At the same time, more than 2/3 of the professionals surveyed believe that the US Federal Reserve will not stop the stimulus program until the end of 2021, which could catalyze the further growth of the bubble in the financial technology sector.
Here you can add:
- The highest level of the S & P500 index in history.
- Peak in gold prices over the past 10 years.
- The new peak in Bitcoin that we saw recently.
- The maximum value of the Chinese stock CSI 300 Index.
- Twofold increase in the P / E ratio (price of shares to earnings per share) APPLE from 18 to 36 (in simple words: having invested $ 1, you need to wait 36 years for it to return as a profit).
- Tesla is estimated at 1,500 annual profits
When to expect a bubble to burst?
Most likely it will happen soon, up to 1-1.5 years. Fighting against covid, central banks supported the economies of their countries. Vaccination of more than 50% of the population of these countries will reduce restrictive measures and the role of central banks.
Well, and after printing a lot of money, the debt bubble was inflated. Returning debts, countries will increase fiscal pressure, which will affect the economy and investor sentiment. A parade of defaults of countries with excessive debt burden can also be a trigger. Well, in the information age, any tweet of the investment market "guru" who will make good money on the crisis, as Buffett did on the British pound, can be a trigger.
What will happen to the global economy?
- The financial crisis. Bubbles will subside, liquidity will shrink, currency will rise in price, investors will traditionally prefer developed markets to developing ones.

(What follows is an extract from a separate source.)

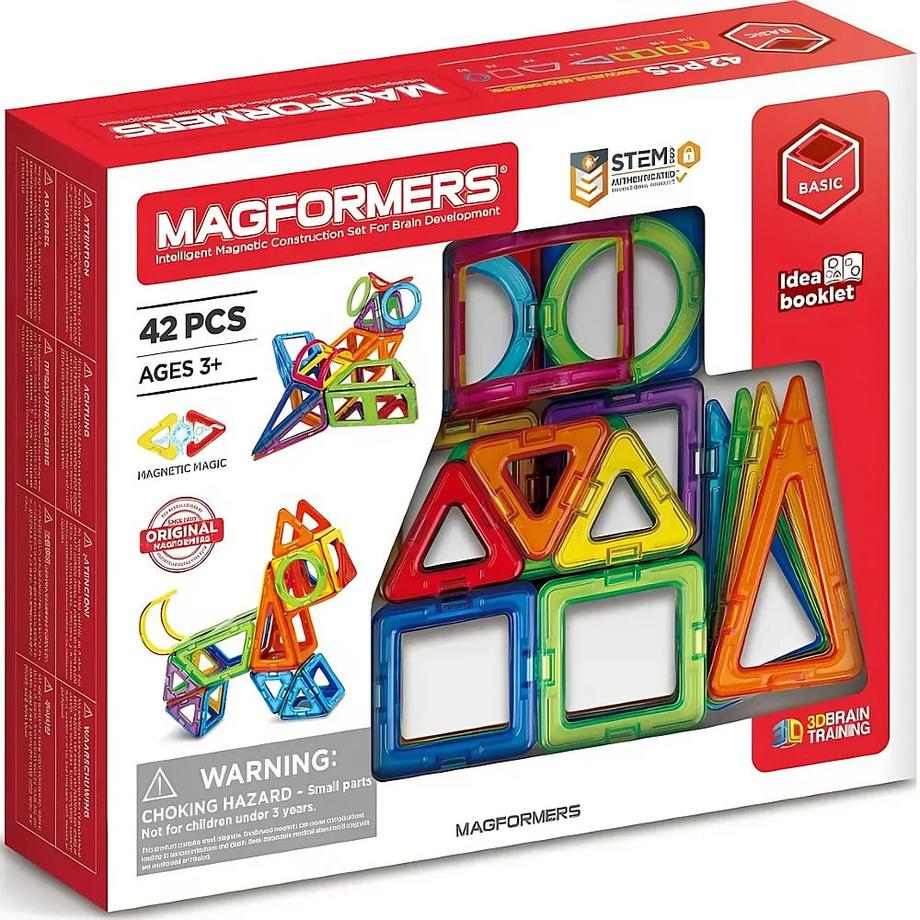 MAGFORMERS  Basic-Set Ergänzung mit speziellen Elementen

- Confidence in the dollar will continue to decline.
- The corporation's gold and cryptocurrencies will become a safe haven for capital.
The list of "safe" assets can also include "classic" raw materials (the same materials, the demand for which will grow in the context of the industrial revolution).
This will be another test for Ukraine. Investments will decline again, unless, of course, Ukraine offers investors a strategy that will inspire them to park capital in Ukraine. So the adventure continues!